Our Work the World house is based in Pokhara city, so each year we try to set up the Dental Outreach Project in the Pokhara valley as this gives us the opportunity to provide free dental care in the communities in which we work. This year though we decided to also set up two projects outside of the valley in Nuwakot, just a couple of hours north of Kathmandu. We thought it would provide an interesting comparison and help us decide where we are most needed.
The first camp was set up in Bidhur, a charming hill top settlement that overlooks a beautiful river valley with ancient temples scattered around the main village square. The last dental camp was conducted over a year ago by the rotary club, so it was a good opportunity for us to follow up on the good work. The community screening and the treatments were carried out at the village school with the portable dental equipments brought in from Kathmandu. 'The Famous Farm' was our student dentists' home for 2 weeks - a restored Newari manor house, tastefully decorated with traditional Nepali furniture. The kitchen served wonderful local food and the cook also bent backwards to accommodate our student's request for some western food!
The results from the first camp were impressive - 1002 people were screened with 594 those referred for treatment. Often the challenge is to make them understand the importance of coming back for treatment, so we were pleased to see that 540 returned with their treatment tickets. The whole project was a great success, with each student screening an average of 10 Nepalis per day, and treating 5. Great opportunities for hands-on work under the supervision of a professional dentist.

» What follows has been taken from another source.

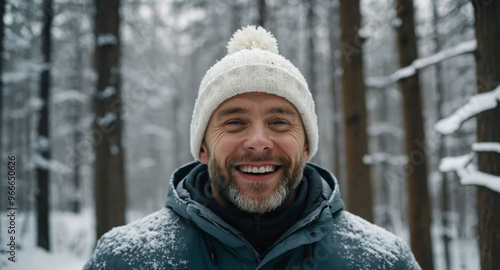 Cheerful White male exploring winter forest background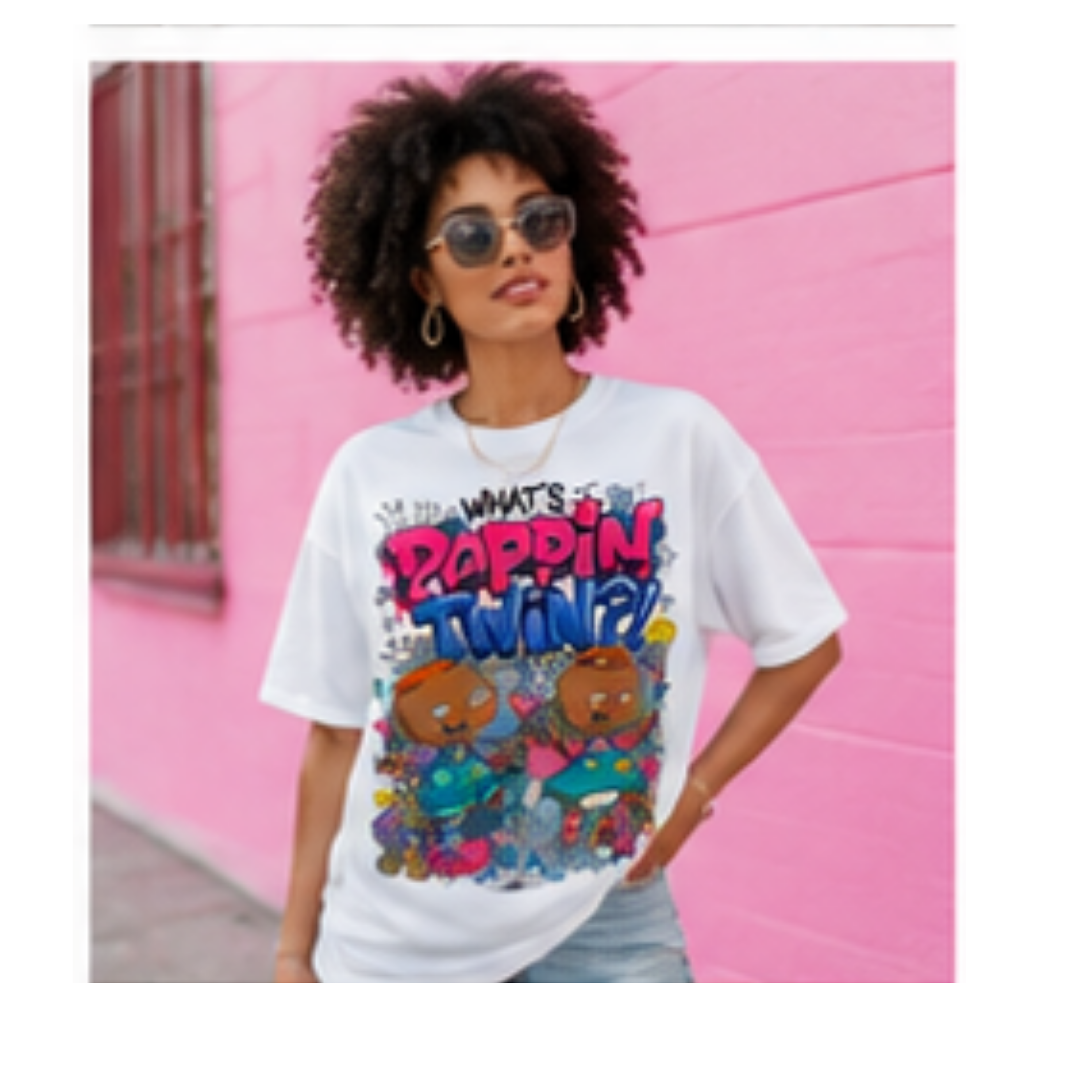 What’s Poppin’ Twin?! Graphic T-Shirt | Matching Twin Tee | Cute Sibling Shirt | Fun Cartoon Style Tee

The second camp was established in Jurethum, conveniently located about an hour away from Bidhur. It's a typical Nepalese village built around the trunk road which links Nuwakot and Kathmandu, situated about 35 km North West of the capital. For this reason, the village is also known to locals as '35 kilo'. The student dentists and staff were accommodated at a friendly, family run guesthouse called the Fall and Trout Village Fish Farm in Kakani. The temporary clinic was set up at a village school just 10 minutes drive and despite its proximity to Kathmandu, the elevation of 1,650m meant that the patients had little access to dental care unless they were willing to travel to the city.
As with the first, the figures from Jurethum were just as impressive. It was a slightly smaller group and visits were interrupted by heavy rains, but on average each student screened 7 people and treated 6 per day. As with Bidhur, the majority of referrals (the bulk of those screened needed treatment) returned for treatment.
The third and fourth camps were back in the Pokhara Valley, with the first set up in Dhampus. This one was possibly the most ambitious out of the four projects as reaching the project location involved a three to five hours trek (depending on individual fitness)! But with an enthusiastic group of student dentists, I can report that we were able to transport all the equipment and set up camp. Quite a challenging environment to work and something completely new for the students. The project is going on as I type and I'm getting daily progress reports of the busy clinic work. It seems patients often require several appointments as there are so many problems with their teeth.
Since Dhampus is a remote village, our student dentists and staff are accommodated in a fairly simple lodge with basic facilities. But what makes this lodge special is the landlady who runs the guesthouse - she's the head of the village's Mother Union and she's keen to make all our participants feel very much at home in the mountain. Sunil has reported that she has organised a performance for our students later this week!
The last dental outreach project is scheduled to start in just under 10 days. It's in a village called Bhaduare, another hilltop settlement inhabited by mixed Nepalese communities, otherwise known as Gurung, Dalit, Bishwo Karma and Brahmin people. There are no dental clinics near Bhadaure so our temporary clinic will be set up at the village hall. The accommodation will be at the Holiness Food and Guesthouse. It's a fairly simple lodge, similar to Dhampus as the village is situated in a remote location. The guesthouse is in the heart of the village and within walking distance to the community hall, where the temporary clinic will be set up.
Nepal is certainly not short of villages that can really benefit from our outreach projects and we'll update you on the progress of the last two projects as soon as we get the figures in. We will also keep you posted about our plans for next year... we have some exciting ideas and also some potential new locations, so watch this space!